### EXERCISE OBJECTIVE
From the entries below, reproduce exactly the lines from the one with "BOSCH 1 987" through the one with "Ghost jacquard knit / ゴーストジャガードニット", both included, without images.

### Web page caption snippets
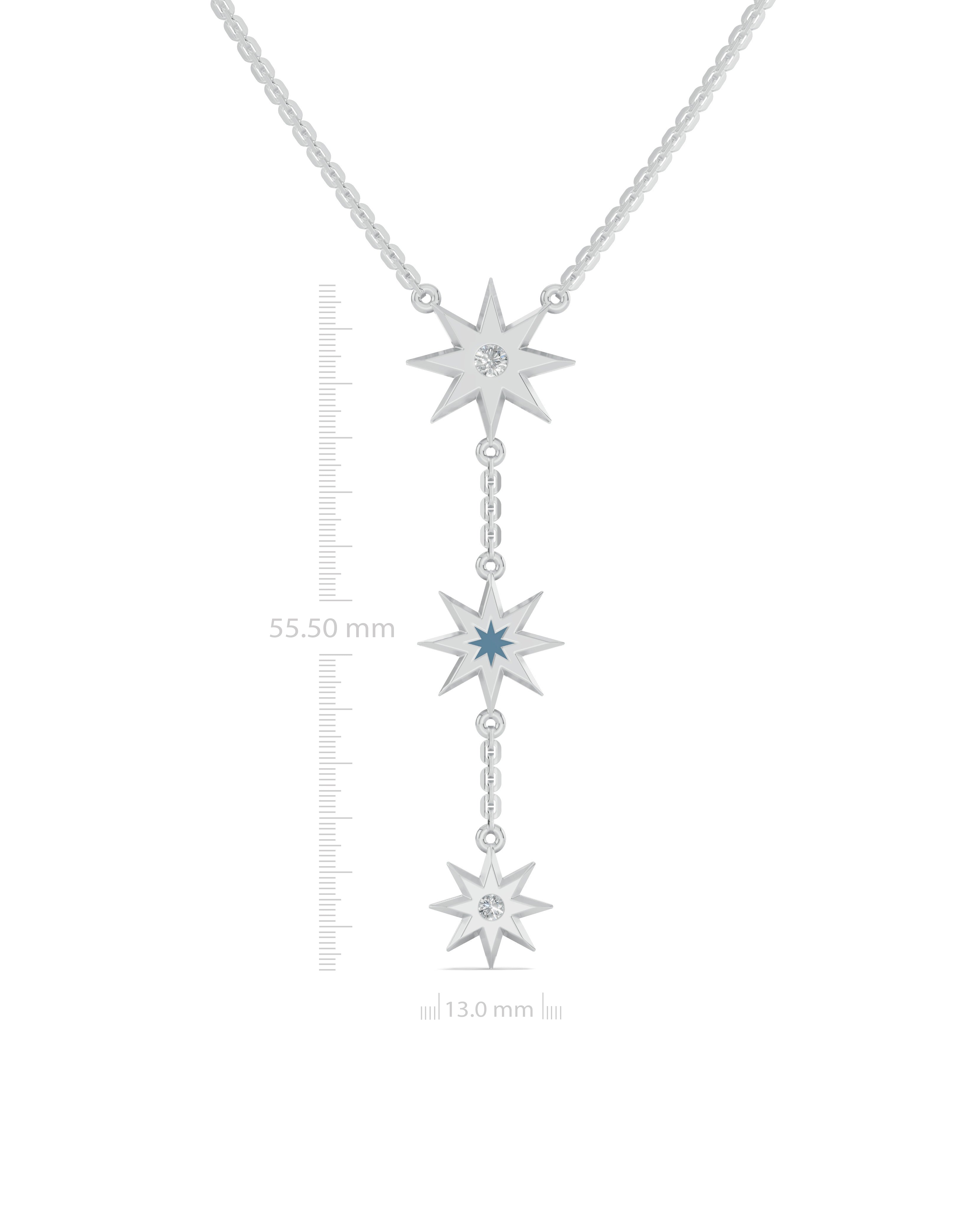 Platinized Sterling Silver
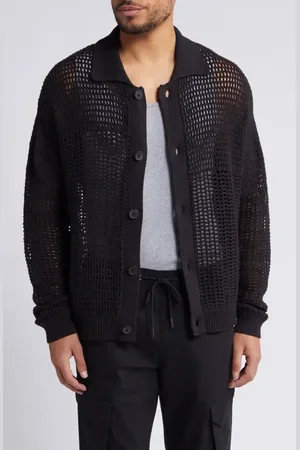 Frame Mixed Open Stitch Cotton Cardigan in at Nordstrom, Size Medium
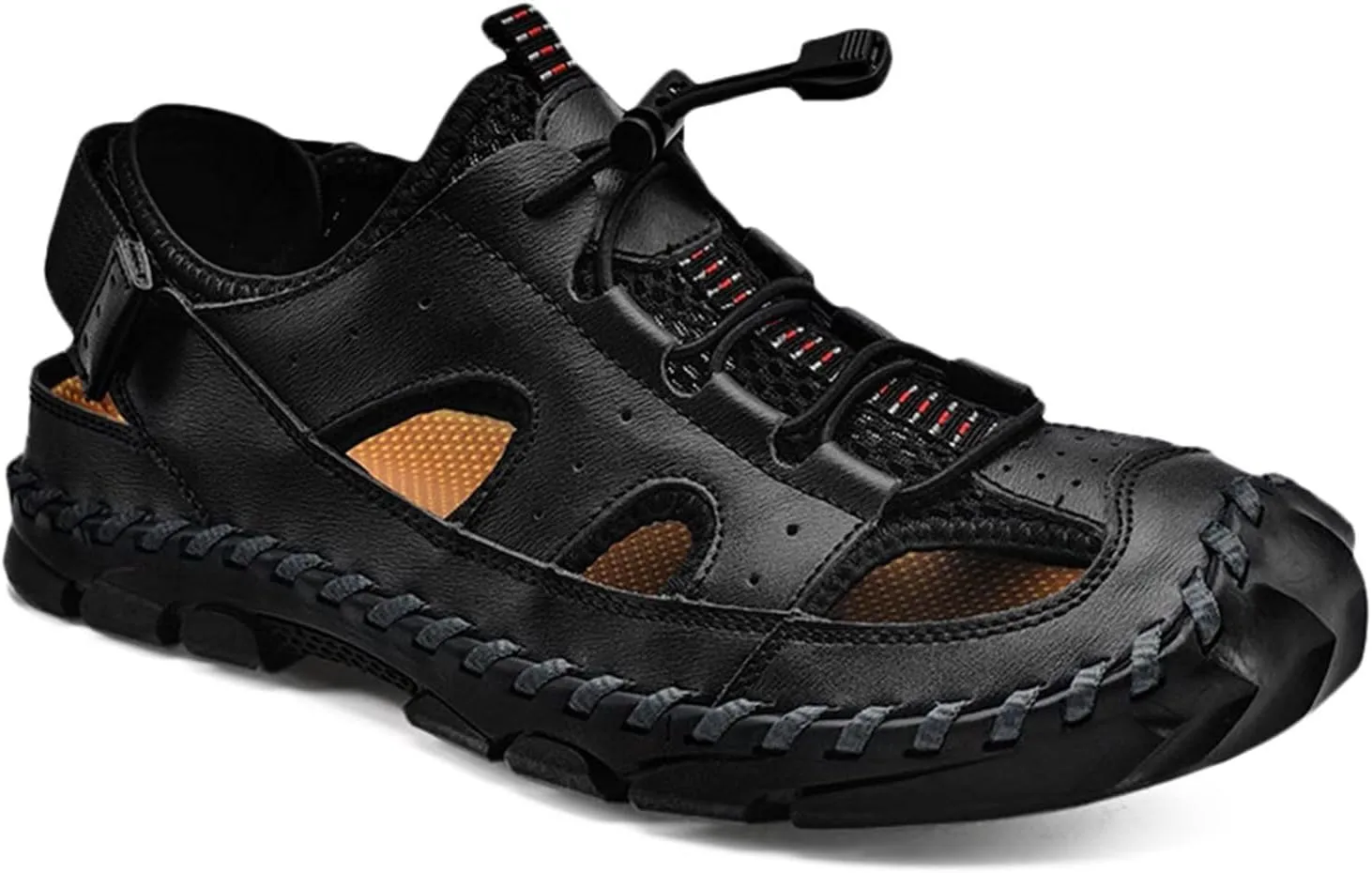 Men Walking Sandals Closed Toe Outdoor Sports Sandals Summer Hiking Shoes Water Sandles Leather Sandals
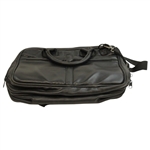 Augusta National Golf Club Masters Tournament Logo Black Leather Computer Bag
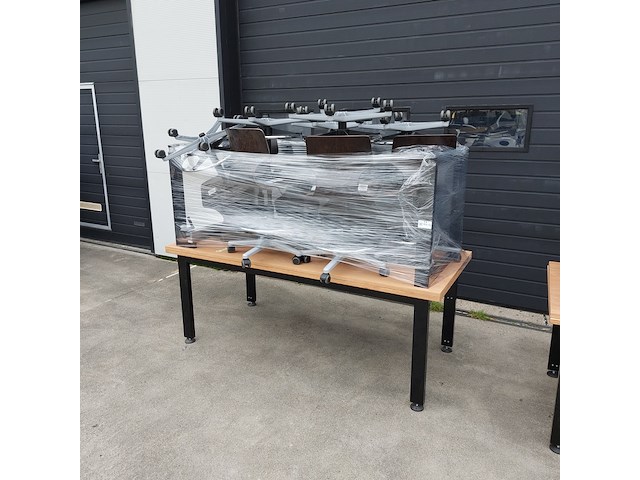 4x werktafel met 20x bureaustoel - afbeelding 5 van  11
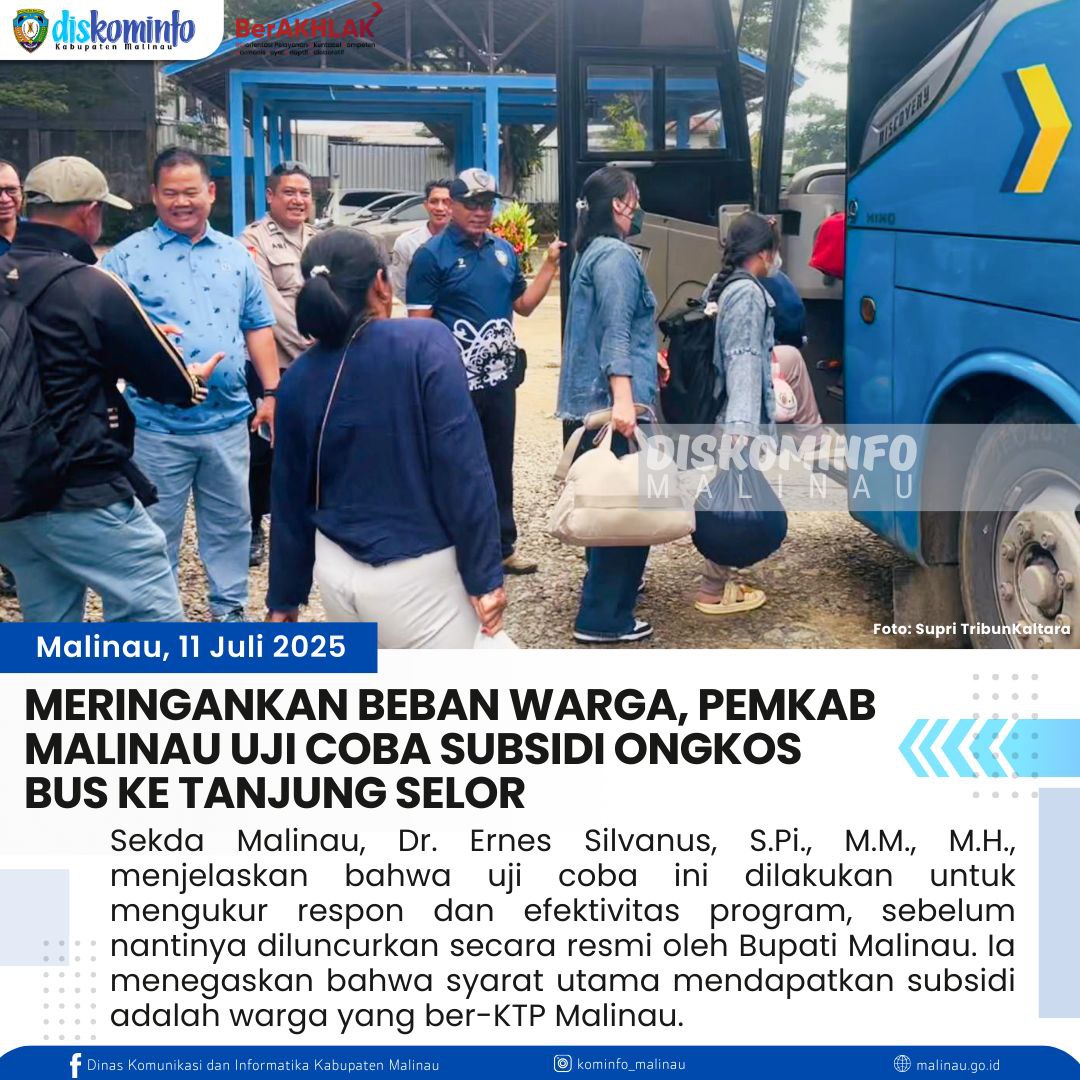 meringankan-beban-warga--pemkab-malinau-uji-coba-subsidi-ongkos-bus-ke-tanjung-selor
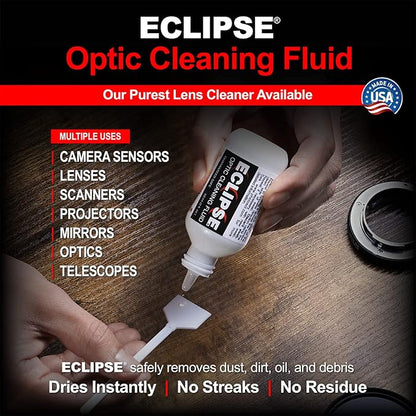 Photographic Solutions Digital Survival Kit - Type-1 (20mm) Sensor Swab, PEC-PAD Photo Wipes, E-Wipe Packet, Eclipse Optic Cleaning Fluid - Camera Cleaning Kit with Travel Bag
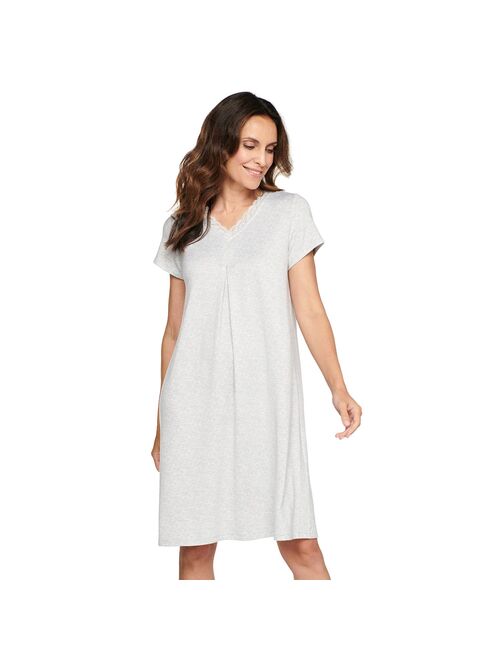 Women's Croft & Barrow Short Sleeve Nightgown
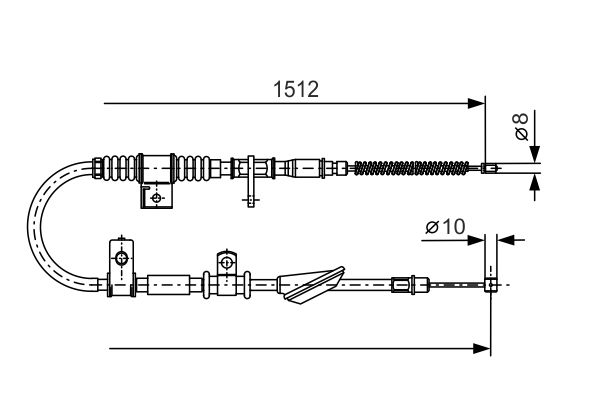 BOSCH 1 987 477 742 Cable Pull, parking brake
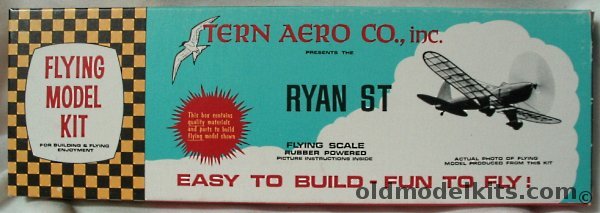 Tern Aero Ryan ST - 17 Inch Wingspan Rubber Flying Aircraft, 109-275 plastic model kit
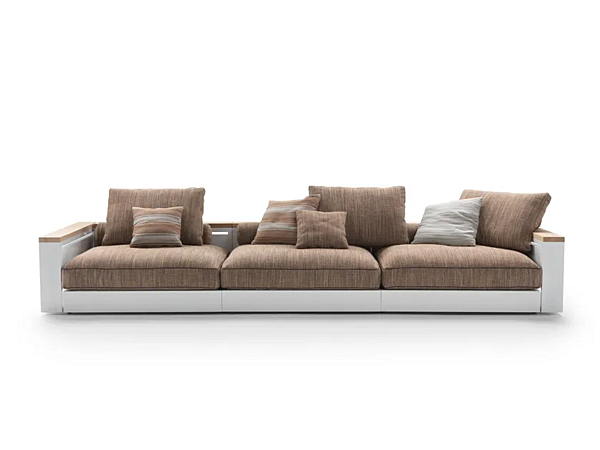 Ecksofa aus Stoff für den Garten FLEXFORM Freeport Fabrik FLEXFORM aus Italien. Foto №1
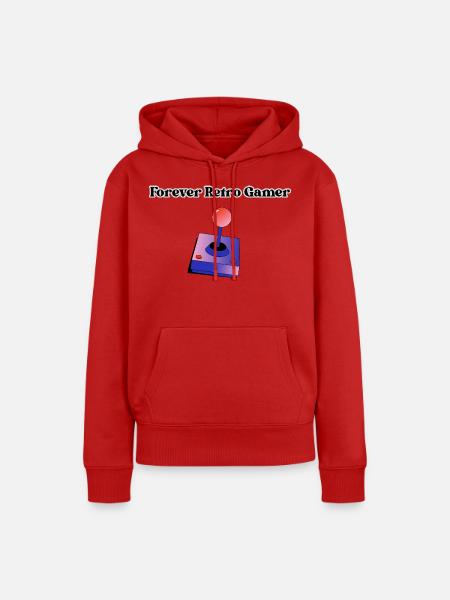 Forever Retro Gamer - Frauen Premium Bio Hoodie - Rot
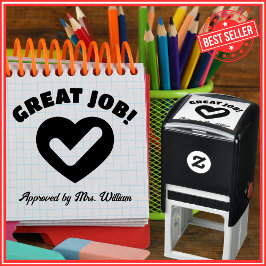 職務素晴らしハートティックグレーディング勇気付けられる先生 セルフインキングスタンプ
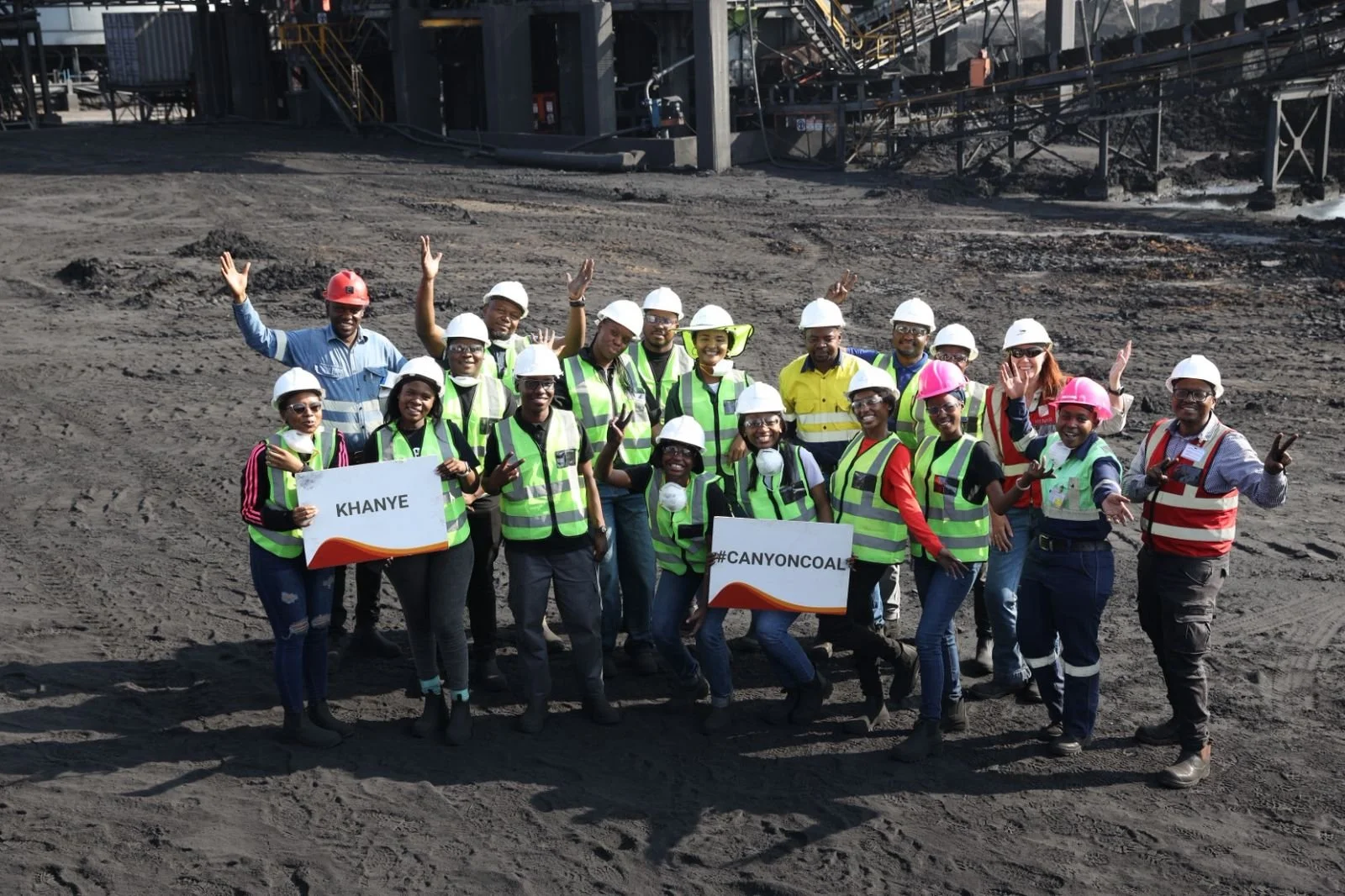 TUT Students Visit Khanye Colliery for Plant Site Visit 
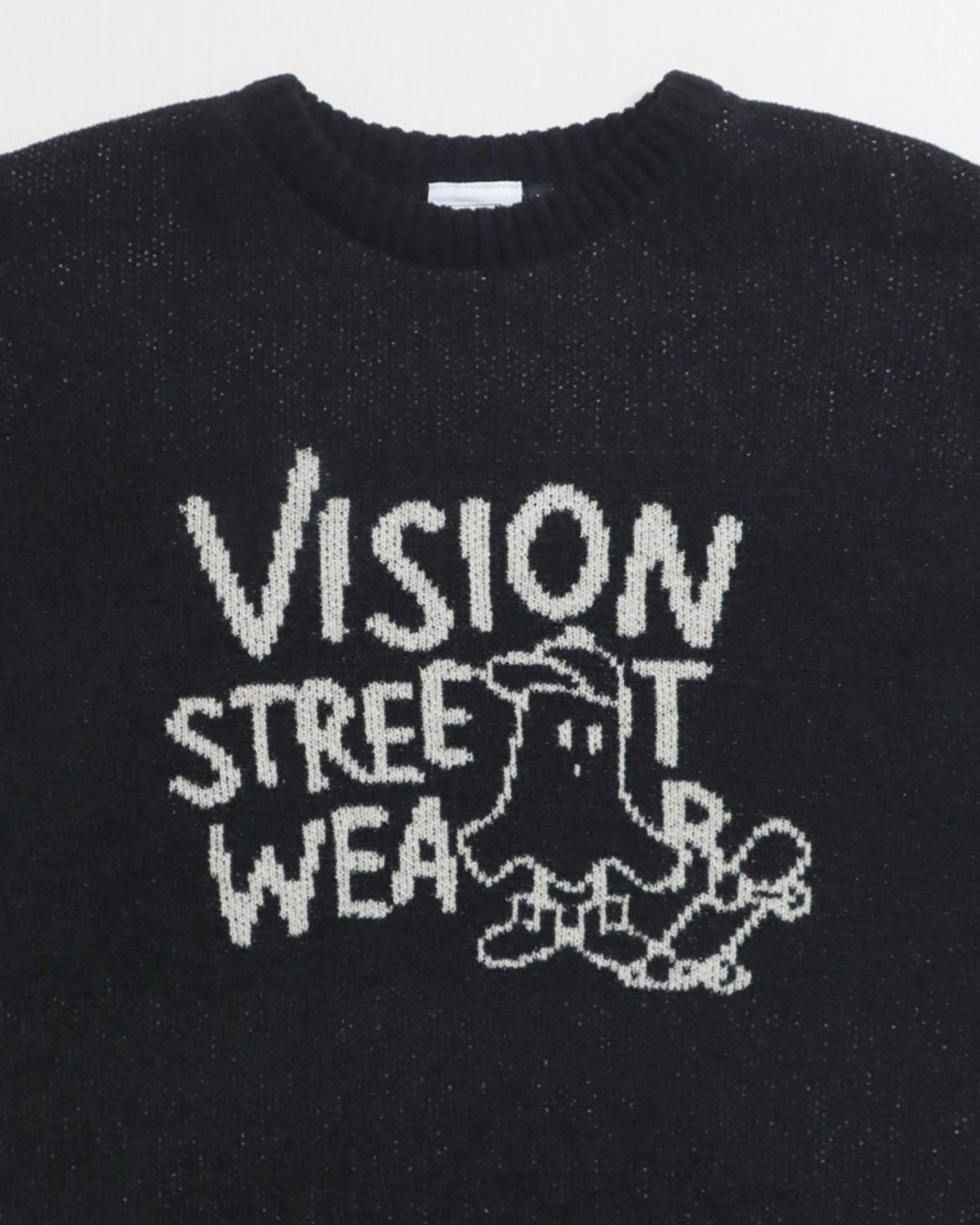 Ghost jacquard knit / ゴーストジャガードニット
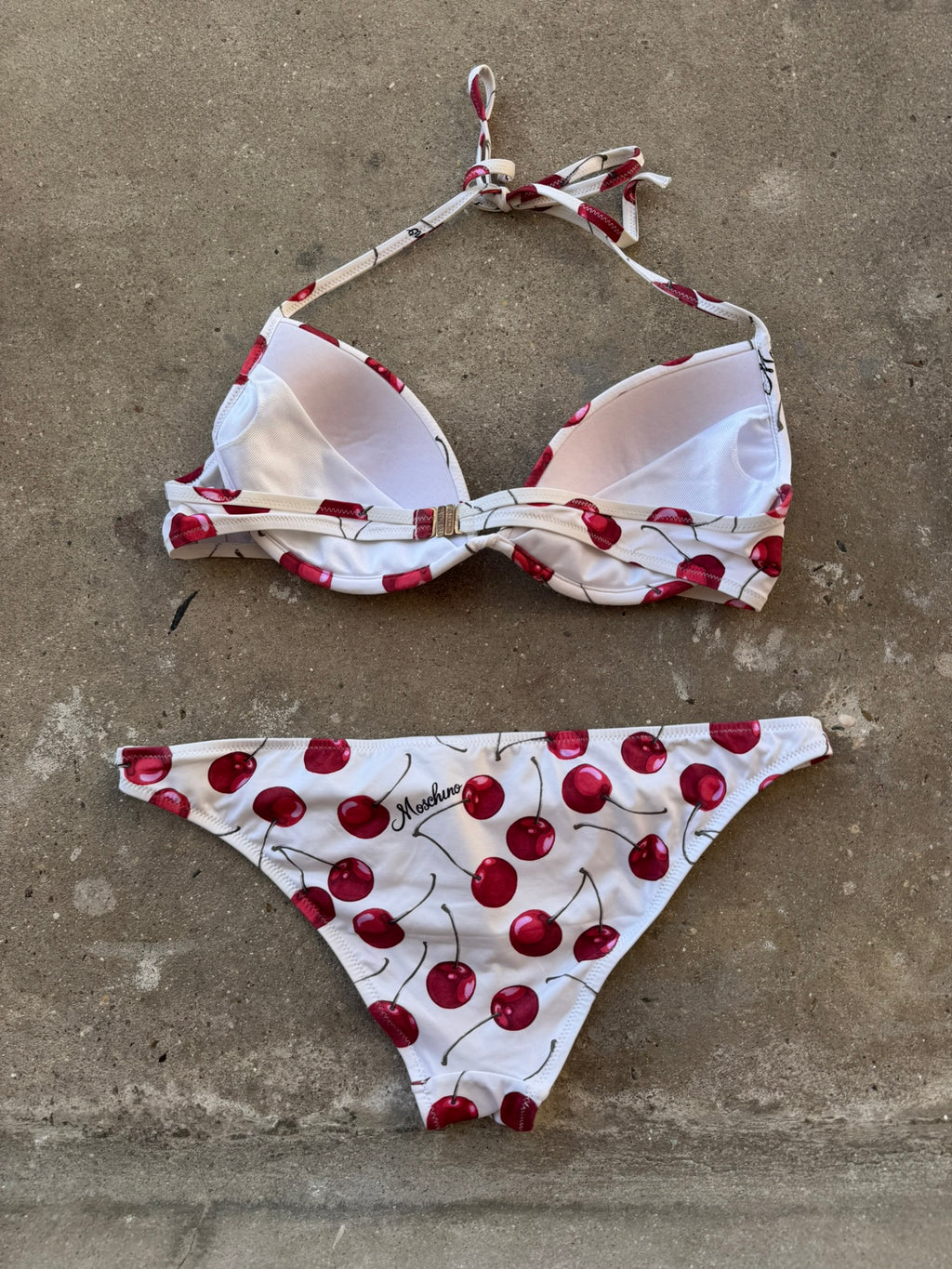 Moschino Bikini Set Cherry Pattern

### SOLUTION TO THIS PROBLEM
 BOSCH 1 987 477 742 Cable Pull, parking brake
 Tern Aero Ryan ST - 17 Inch Wingspan Rubber Flying Aircraft, 109-275 plastic model kit
 Ecksofa aus Stoff für den Garten FLEXFORM Freeport Fabrik FLEXFORM aus Italien. Foto №1
 Forever Retro Gamer - Frauen Premium Bio Hoodie - Rot
 職務素晴らしハートティックグレーディング勇気付けられる先生 セルフインキングスタンプ
 TUT Students Visit Khanye Colliery for Plant Site Visit 
 Ghost jacquard knit / ゴーストジャガードニット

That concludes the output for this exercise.